:: What you have to do ::
Repeat each entry exactly, but do not carry over the pictures.

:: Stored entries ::
╔══

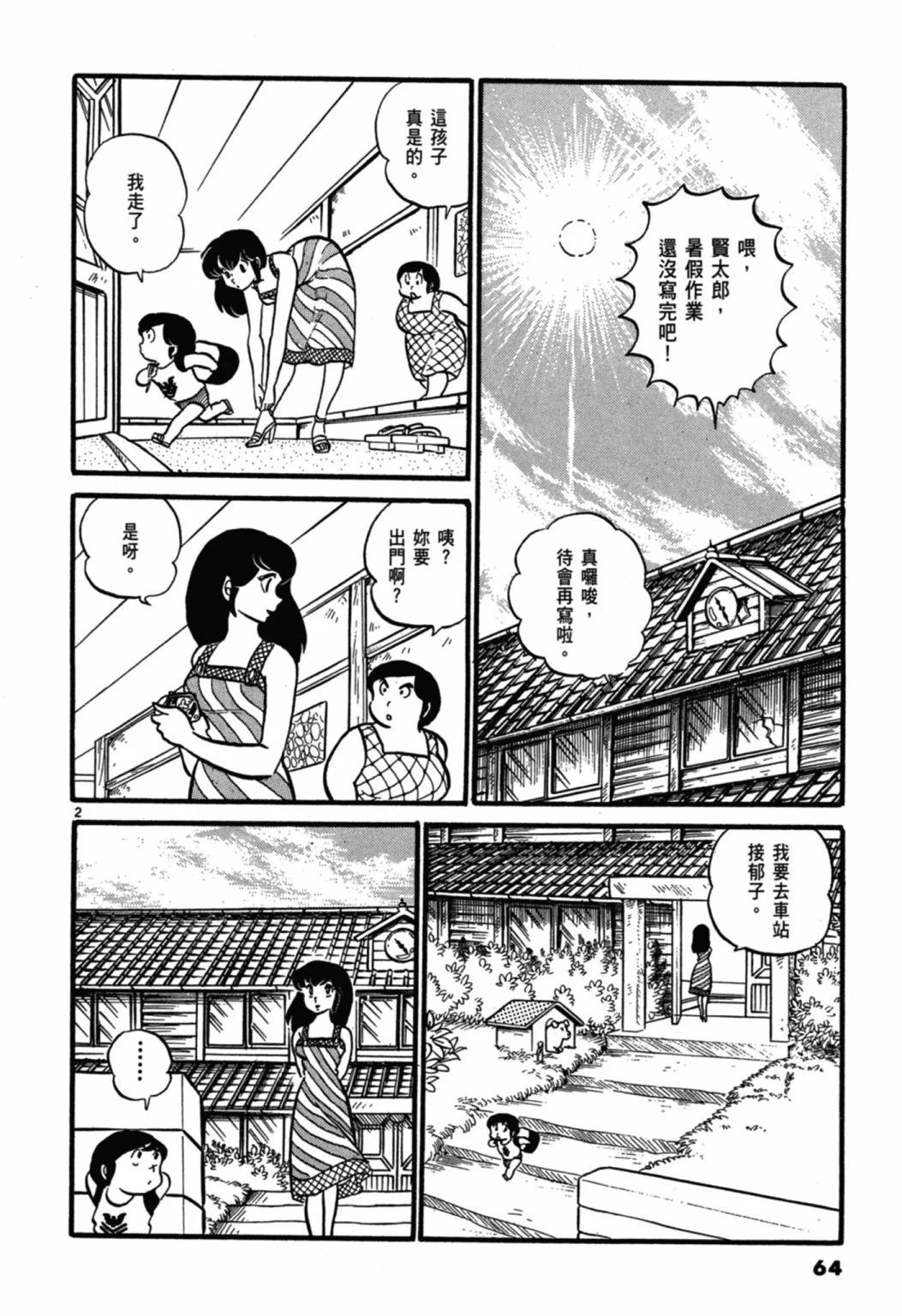 02卷新装版69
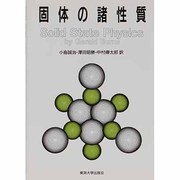 固体の諸性質(バーンズ固体物理学〈4〉) [全集叢書]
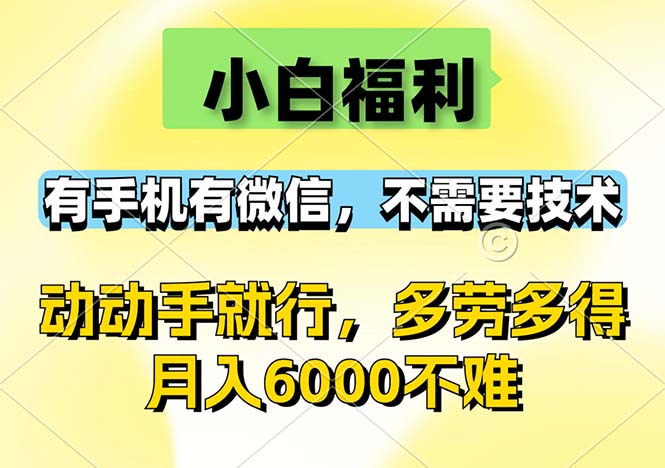 (12565期)小白福利,有手机有微信,0成本,不需要任何技术,动动手就行,随时随…-星火爱财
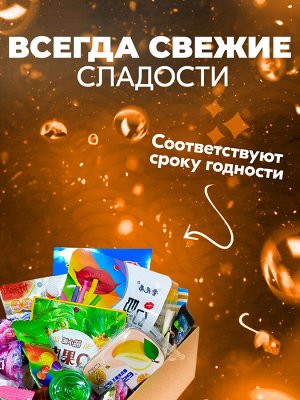 Подарочный набор азиатских сладостей, 40 предметов
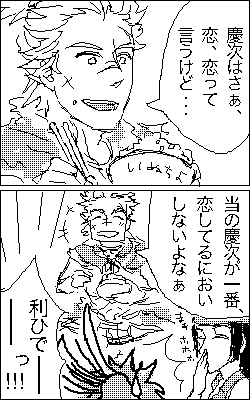 まえだけ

╚══

:: Answer for this exercise ::
 02卷新装版69
 固体の諸性質(バーンズ固体物理学〈4〉) [全集叢書]
 (12565期)小白福利,有手机有微信,0成本,不需要任何技术,动动手就行,随时随…-星火爱财
 Подарочный набор азиатских сладостей, 40 предметов
 まえだけ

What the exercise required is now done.